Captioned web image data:
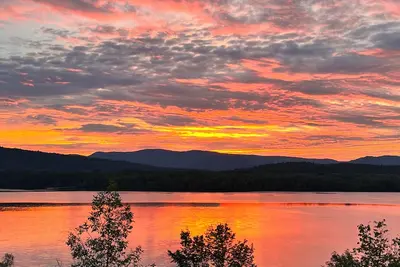 Image de Lakefront retreat with stunning sunsets, scenic lake and mountain view’s
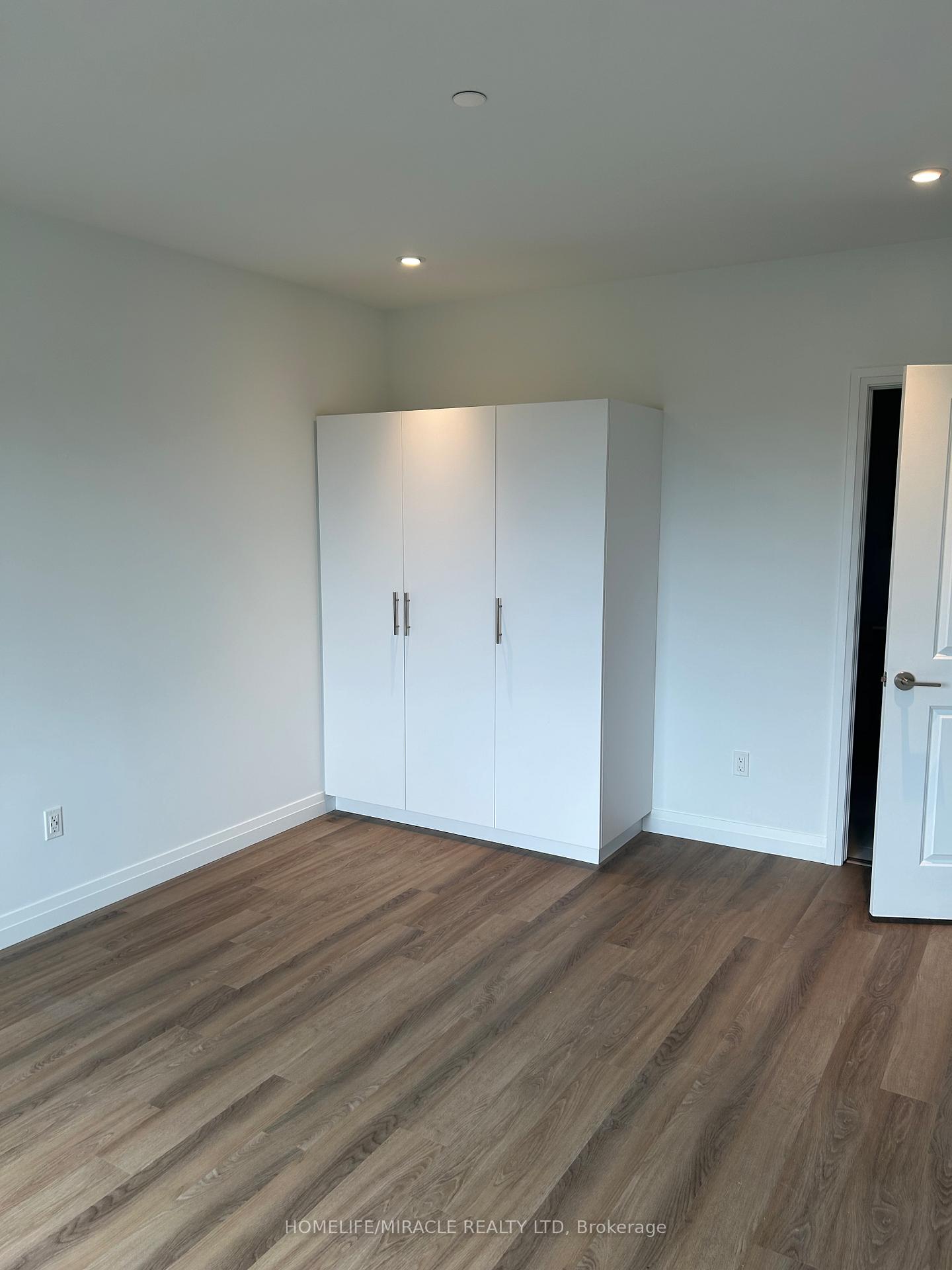 Photo 23 of Unit 822, 525 New Dundee Road, Kitchener — HOMEH
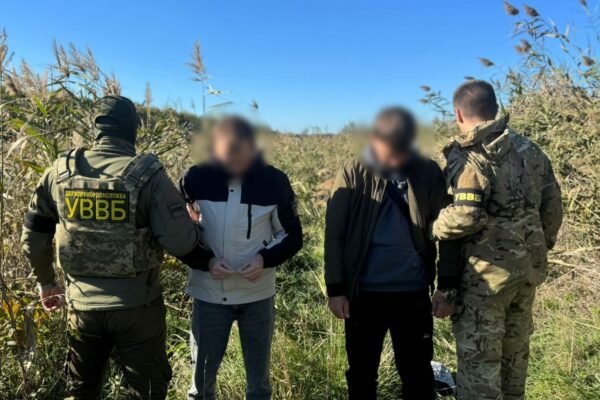На Одещині прикордонника за 10 тисяч доларів намагалися втягнути у схему переправляння ухилянтів за кордон (ФОТО)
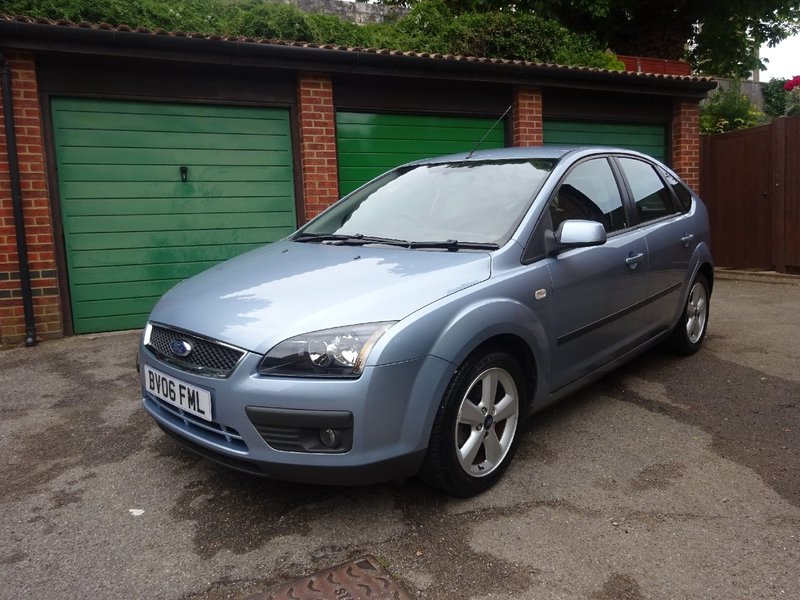 View FORD FOCUS 1.6 Zetec Climate Automatic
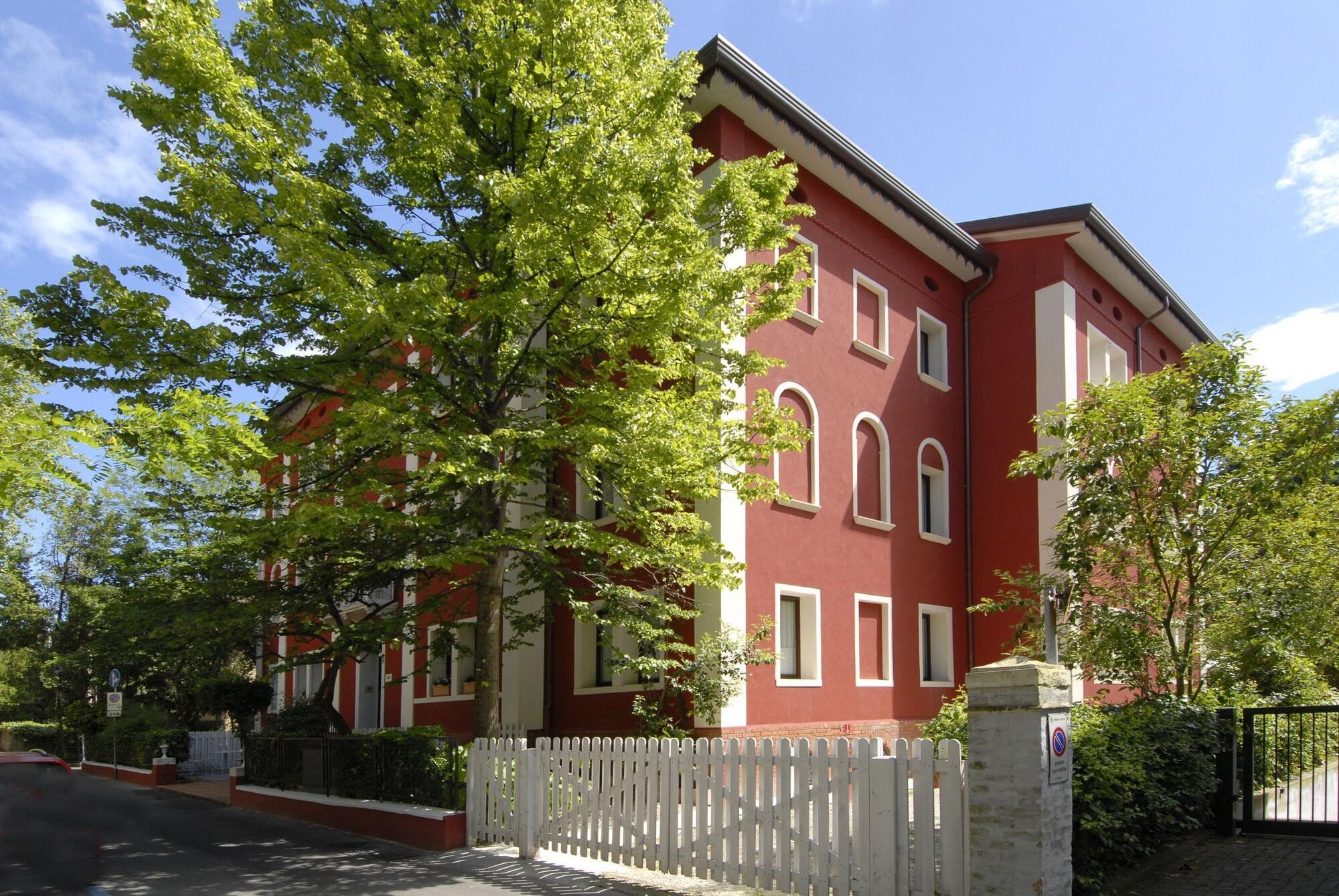 Vista Exterior Villa Pannonia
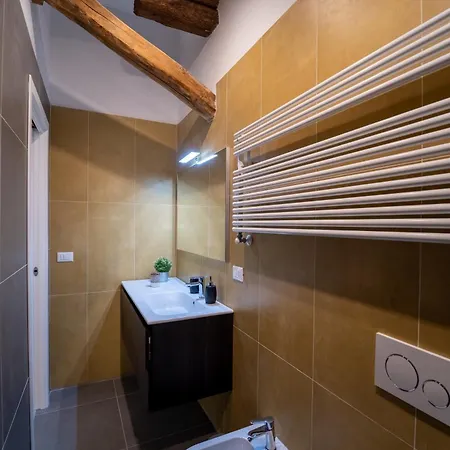 Realkasa Santo Stefano 46 Lägenhet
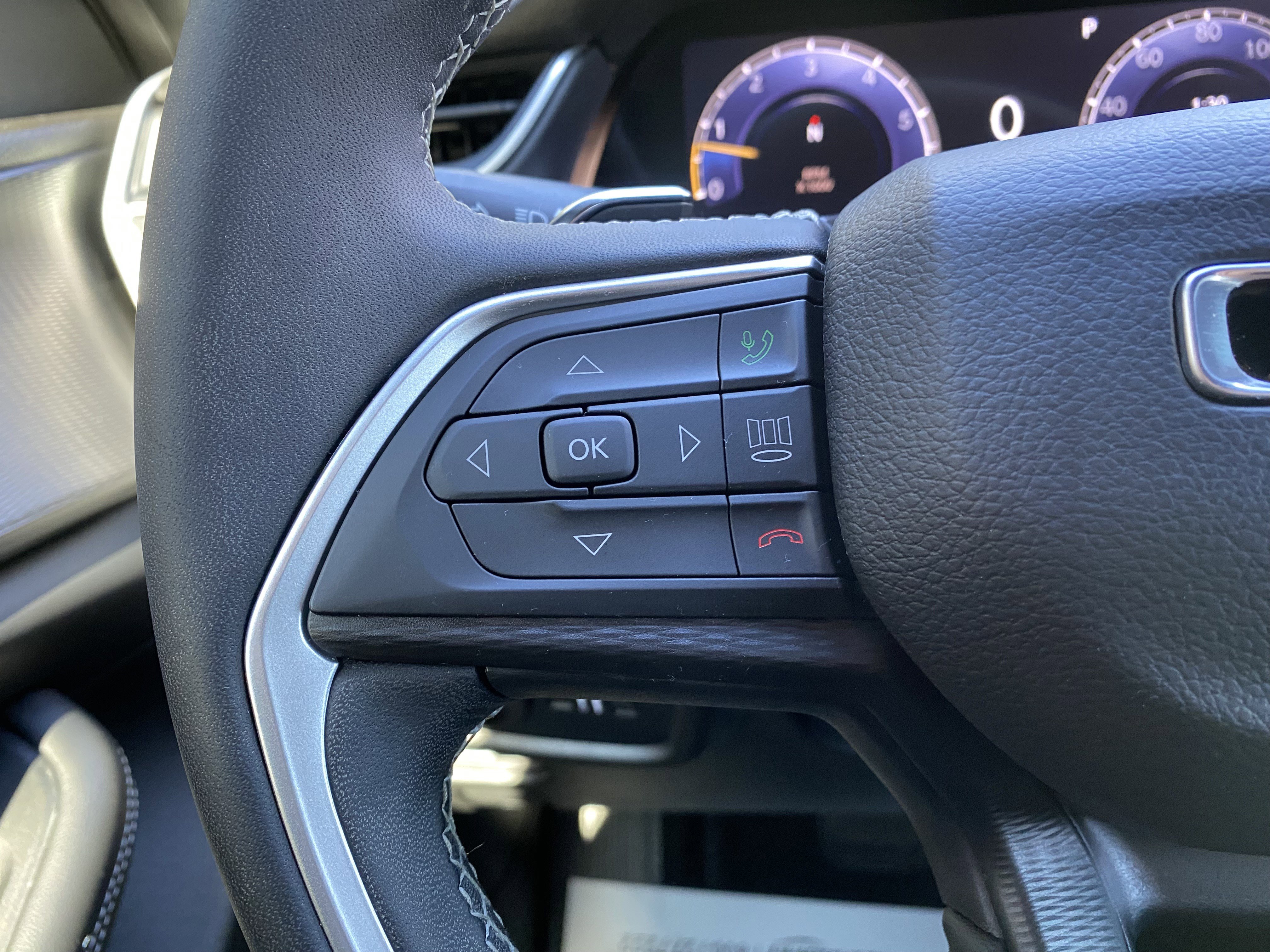 Used 2025 Jeep Grand Cherokee Laredo X image 19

Your instructions: Give back every record above exactly as written, skipping each picture.

Answer for the task:
 Image de Lakefront retreat with stunning sunsets, scenic lake and mountain view’s
 Photo 23 of Unit 822, 525 New Dundee Road, Kitchener — HOMEH
На Одещині прикордонника за 10 тисяч доларів намагалися втягнути у схему переправляння ухилянтів за кордон (ФОТО)
 View FORD FOCUS 1.6 Zetec Climate Automatic
 Vista Exterior Villa Pannonia
 Realkasa Santo Stefano 46 Lägenhet
 Used 2025 Jeep Grand Cherokee Laredo X image 19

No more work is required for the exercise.